═══ Input records
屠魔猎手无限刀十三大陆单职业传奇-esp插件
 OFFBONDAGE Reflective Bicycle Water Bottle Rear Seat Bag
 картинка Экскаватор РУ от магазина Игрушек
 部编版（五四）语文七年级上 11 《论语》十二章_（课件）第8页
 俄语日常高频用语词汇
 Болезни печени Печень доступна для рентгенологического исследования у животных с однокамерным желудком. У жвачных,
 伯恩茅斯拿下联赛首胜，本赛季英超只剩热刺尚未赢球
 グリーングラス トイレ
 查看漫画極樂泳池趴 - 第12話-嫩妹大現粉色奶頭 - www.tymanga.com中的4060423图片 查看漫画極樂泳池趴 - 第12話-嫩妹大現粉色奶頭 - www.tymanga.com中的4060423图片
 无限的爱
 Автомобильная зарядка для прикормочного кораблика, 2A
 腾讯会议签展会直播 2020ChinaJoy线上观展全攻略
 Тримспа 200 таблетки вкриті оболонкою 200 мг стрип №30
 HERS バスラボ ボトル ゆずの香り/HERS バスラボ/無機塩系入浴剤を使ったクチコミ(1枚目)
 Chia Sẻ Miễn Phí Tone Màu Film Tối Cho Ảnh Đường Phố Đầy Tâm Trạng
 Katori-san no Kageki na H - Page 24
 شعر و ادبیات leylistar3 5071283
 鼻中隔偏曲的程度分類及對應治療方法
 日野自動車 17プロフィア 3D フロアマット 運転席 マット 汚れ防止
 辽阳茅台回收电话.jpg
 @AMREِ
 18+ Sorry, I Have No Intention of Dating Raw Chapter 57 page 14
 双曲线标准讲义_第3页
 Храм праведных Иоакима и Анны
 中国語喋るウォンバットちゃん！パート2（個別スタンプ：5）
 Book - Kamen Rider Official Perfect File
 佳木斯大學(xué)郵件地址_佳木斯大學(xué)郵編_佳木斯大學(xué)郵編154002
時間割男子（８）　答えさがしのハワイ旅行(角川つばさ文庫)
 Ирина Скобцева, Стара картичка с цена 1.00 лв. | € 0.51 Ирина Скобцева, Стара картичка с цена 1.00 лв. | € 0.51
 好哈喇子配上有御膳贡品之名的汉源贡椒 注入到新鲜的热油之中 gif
══════
Would you transcribe the listing word for word?

屠魔猎手无限刀十三大陆单职业传奇-esp插件
 OFFBONDAGE Reflective Bicycle Water Bottle Rear Seat Bag
 картинка Экскаватор РУ от магазина Игрушек
 部编版（五四）语文七年级上 11 《论语》十二章_（课件）第8页
 俄语日常高频用语词汇
 Болезни печени Печень доступна для рентгенологического исследования у животных с однокамерным желудком. У жвачных,
 伯恩茅斯拿下联赛首胜，本赛季英超只剩热刺尚未赢球
 グリーングラス トイレ
 查看漫画極樂泳池趴 - 第12話-嫩妹大現粉色奶頭 - www.tymanga.com中的4060423图片 查看漫画極樂泳池趴 - 第12話-嫩妹大現粉色奶頭 - www.tymanga.com中的4060423图片
 无限的爱
 Автомобильная зарядка для прикормочного кораблика, 2A
 腾讯会议签展会直播 2020ChinaJoy线上观展全攻略
 Тримспа 200 таблетки вкриті оболонкою 200 мг стрип №30
 HERS バスラボ ボトル ゆずの香り/HERS バスラボ/無機塩系入浴剤を使ったクチコミ(1枚目)
 Chia Sẻ Miễn Phí Tone Màu Film Tối Cho Ảnh Đường Phố Đầy Tâm Trạng
 Katori-san no Kageki na H - Page 24
 شعر و ادبیات leylistar3 5071283
 鼻中隔偏曲的程度分類及對應治療方法
 日野自動車 17プロフィア 3D フロアマット 運転席 マット 汚れ防止
 辽阳茅台回收电话.jpg
 @AMREِ
 18+ Sorry, I Have No Intention of Dating Raw Chapter 57 page 14
 双曲线标准讲义_第3页
 Храм праведных Иоакима и Анны
 中国語喋るウォンバットちゃん！パート2（個別スタンプ：5）
 Book - Kamen Rider Official Perfect File
 佳木斯大學(xué)郵件地址_佳木斯大學(xué)郵編_佳木斯大學(xué)郵編154002
時間割男子（８）　答えさがしのハワイ旅行(角川つばさ文庫)
 Ирина Скобцева, Стара картичка с цена 1.00 лв. | € 0.51 Ирина Скобцева, Стара картичка с цена 1.00 лв. | € 0.51
 好哈喇子配上有御膳贡品之名的汉源贡椒 注入到新鲜的热油之中 gif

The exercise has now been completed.